Renewable energy conversion as well as water electrolysis technologies are constrained by the fact that kinetics are always slow in the electrocatalytic oxygen evolution reaction (OER). There are numerous means and strategies for the enhancement of OER activity. In this paper, we systematically review the important role of anionic vacancies in enhancing the OER activity of catalysts: increasing catalyst conductivity, improving electrical conductivity, and enhancing intermediate adsorption. In order to better detect the presence of vacancies in the samples, the principle of vacancy detection is reviewed in detail in terms of both spectroscopic and microscopic characterization, and the methods of vacancy formation as well as the factors influencing the concentration of vacancies are summarized in detail. In addition, the challenges and new directions for the study of anionic vacancies are provided.

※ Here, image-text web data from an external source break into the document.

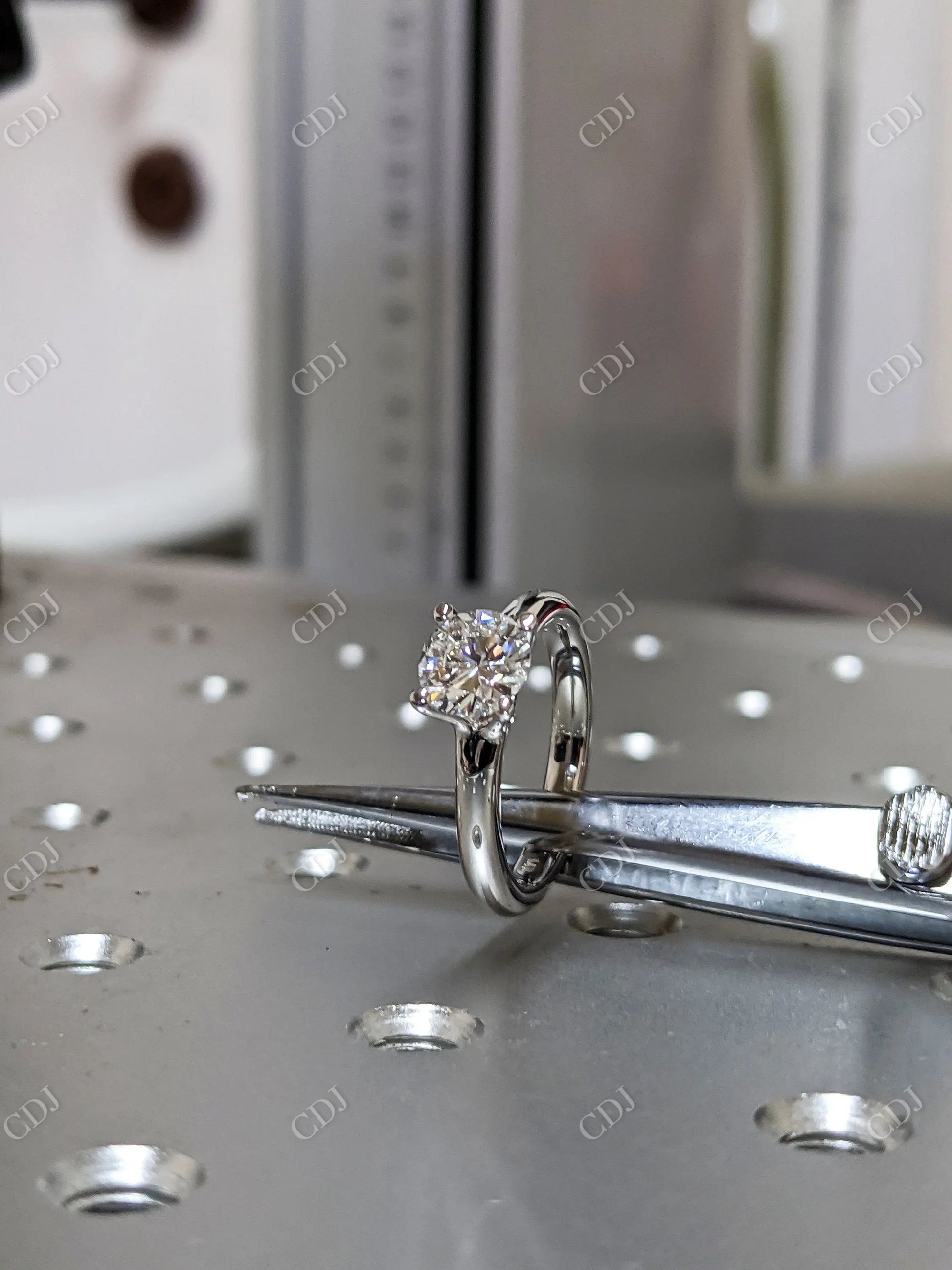 1.00CT Round Cut Moissanite Engagement Ring  customdiamjewel   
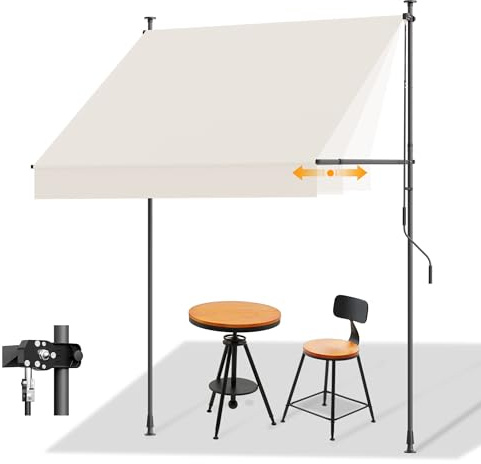 HOMEDEMO Tenda da Sole a Morsetto con manovella regolabile, tende per esterno senza foratura, Altezza e Bracci Regolabile, Impermeabile e Anti-UV, per Balcone e Terrazzo, 200cm x (120-150) cm Beige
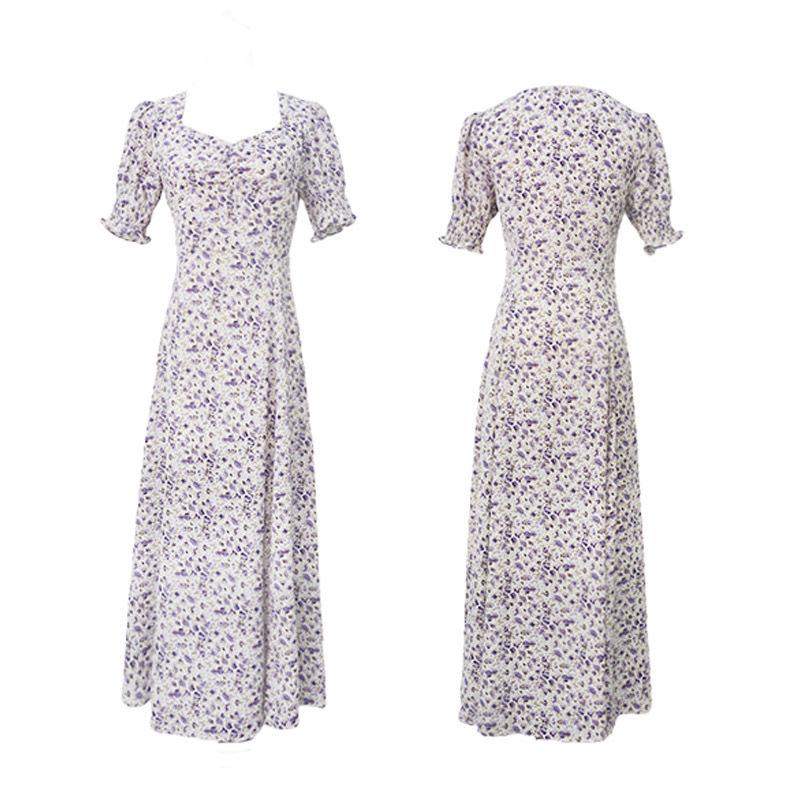 Summer Retro French Square Neck Puff Sleeve Split Dress Oil Painting Purple Floral Long Skirt French Retro Ladies Dress Chiffon Dress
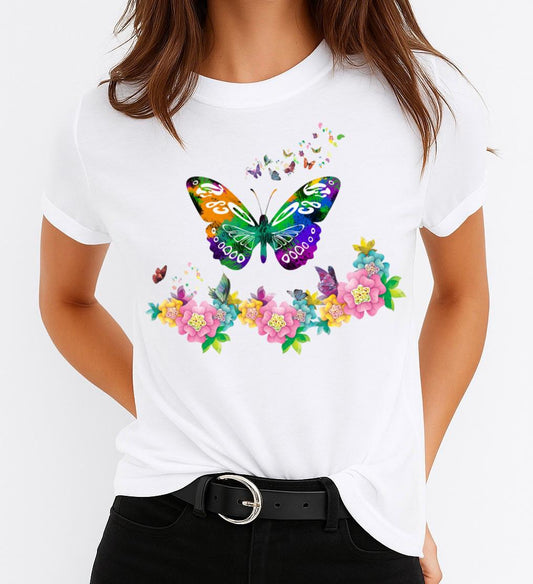 Tricou dama din bumbac 100% Butterfly And Flowers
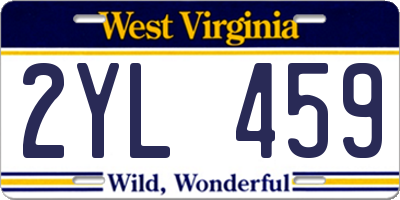 WV license plate 2YL459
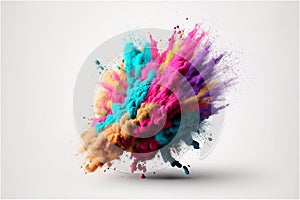 Holi paint rainbow powder explosion concept isolated on white background.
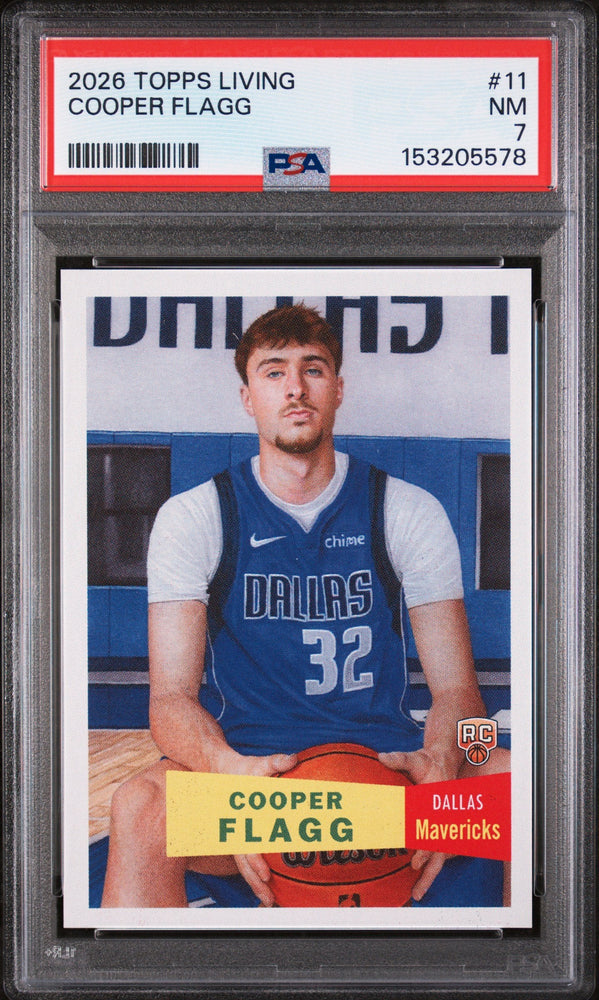 Graded 2025-26 Topps Living Cooper Flagg #11 Rookie RC Basketball Card PSA 7 Near Mint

Key words: Anionic vacancy, Oxygen evolution reaction, Characterization, Introduction strategy, Detection method

夏亚男, 迟京起, 唐俊恒, 刘晓斌, 肖振宇, 赖建平, 王磊. 阴离子空位在析氧反应电催化剂中的研究进展[J]. 催化学报, 2024, 66: 110-138.

Ya’nan Xia, Jingqi Chi, Junheng Tang, Xiaobin Liu, Zhenyu Xiao, Jianping Lai, Lei Wang. Research progress of anionic vacancies in electrocatalysts for oxygen evolution reaction[J]. Chinese Journal of Catalysis, 2024, 66: 110-138.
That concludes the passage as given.